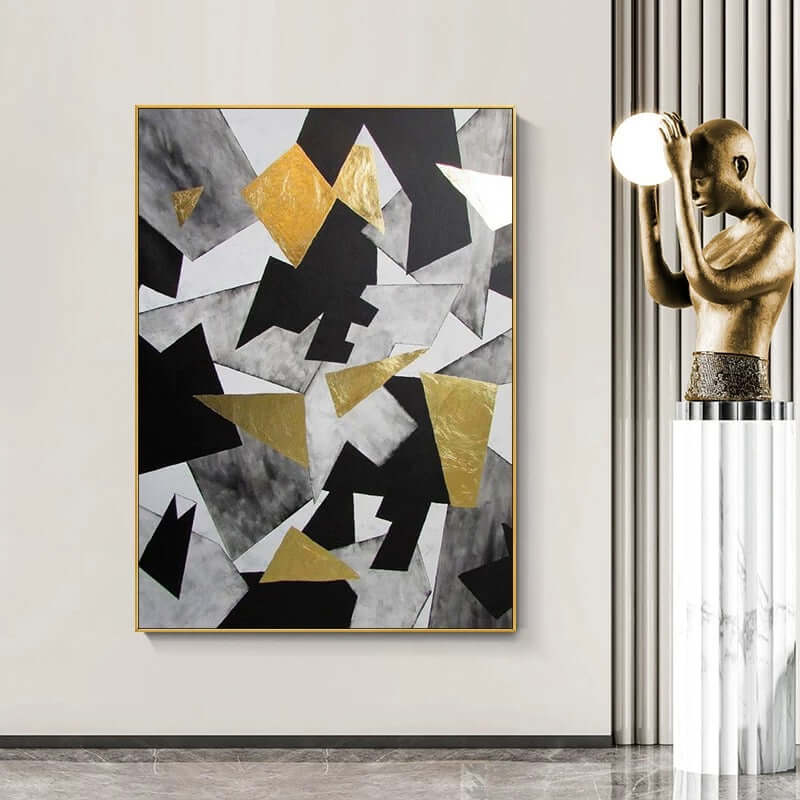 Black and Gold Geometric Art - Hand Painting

--

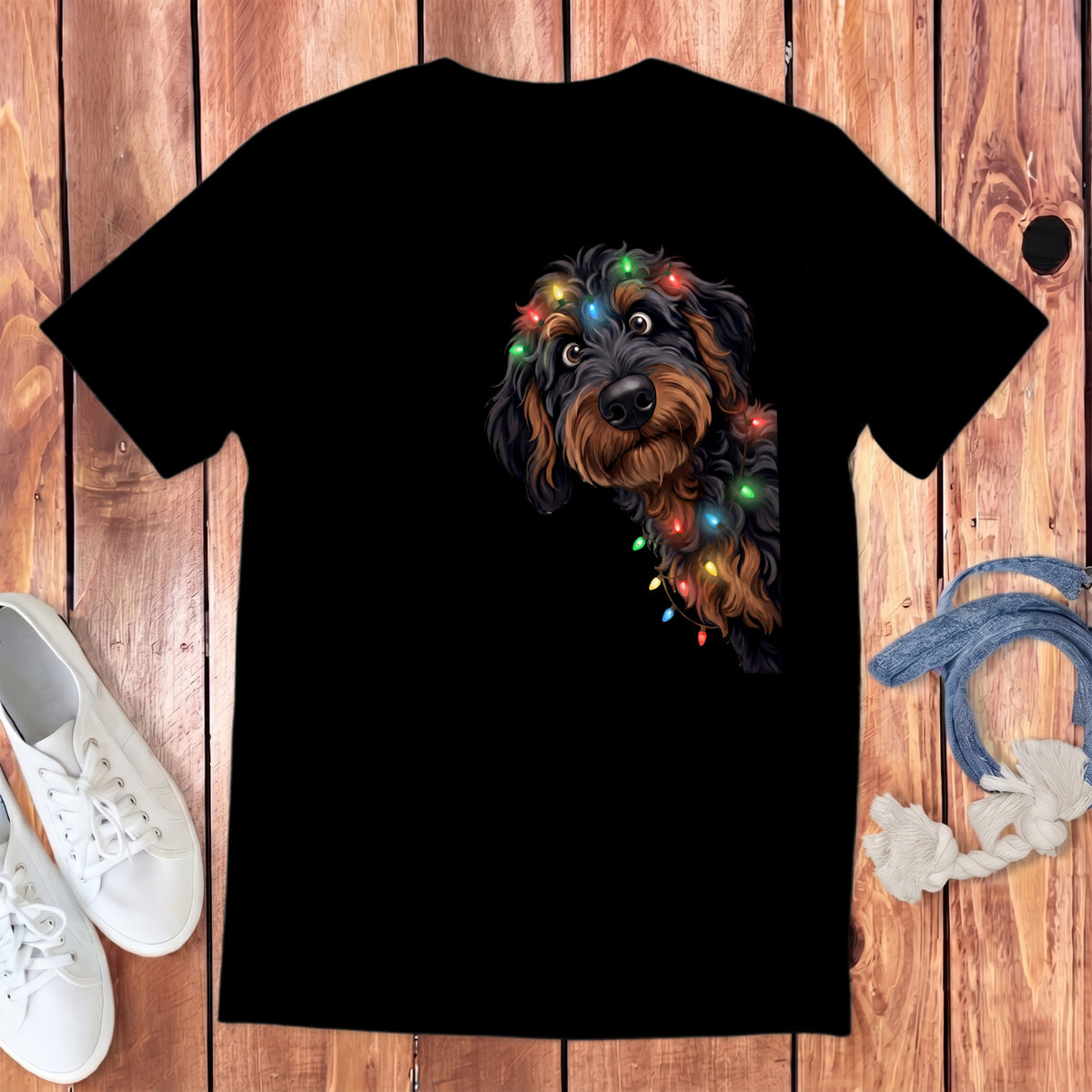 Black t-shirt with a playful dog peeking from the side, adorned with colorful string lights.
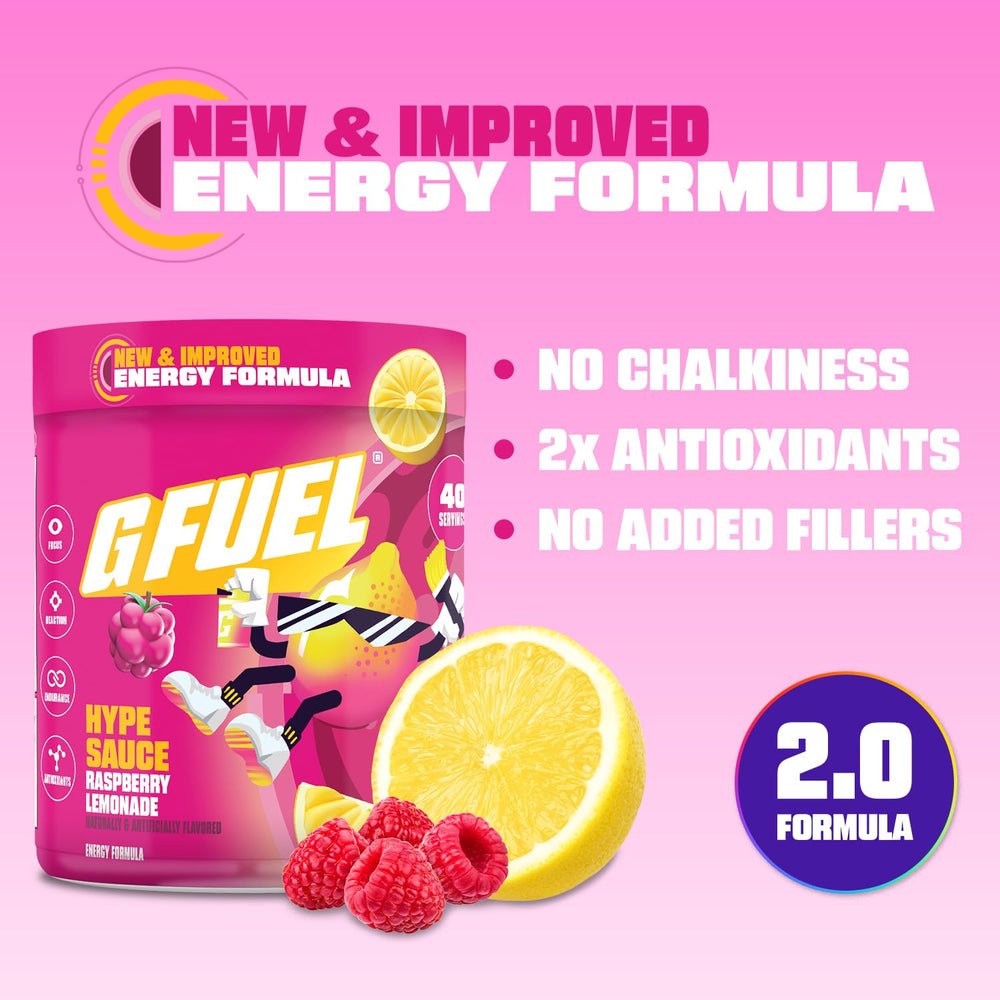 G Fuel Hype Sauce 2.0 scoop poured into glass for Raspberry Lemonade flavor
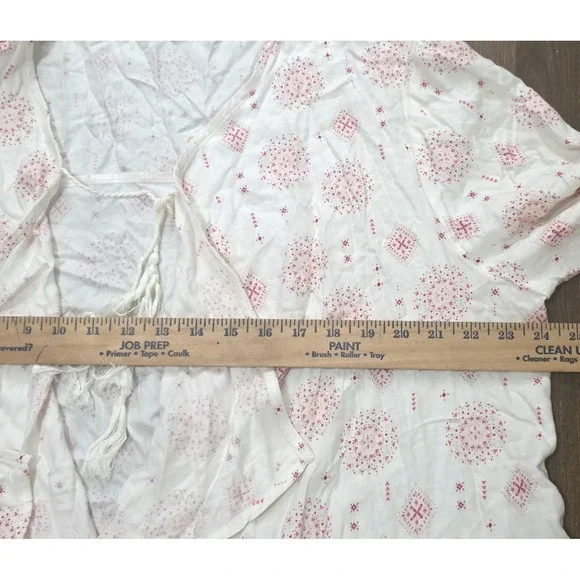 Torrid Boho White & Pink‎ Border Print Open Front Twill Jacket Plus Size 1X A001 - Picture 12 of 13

• [WHAT THE TASK REQUIRES]:
Having found the line with "Black t-shirt with" and the line with "Torrid Boho White" in the material above, write out exactly those two and every line between, leaving the pictures out.

• [THE COMPLETED TASK]:
 Black t-shirt with a playful dog peeking from the side, adorned with colorful string lights.
 G Fuel Hype Sauce 2.0 scoop poured into glass for Raspberry Lemonade flavor
 Torrid Boho White & Pink‎ Border Print Open Front Twill Jacket Plus Size 1X A001 - Picture 12 of 13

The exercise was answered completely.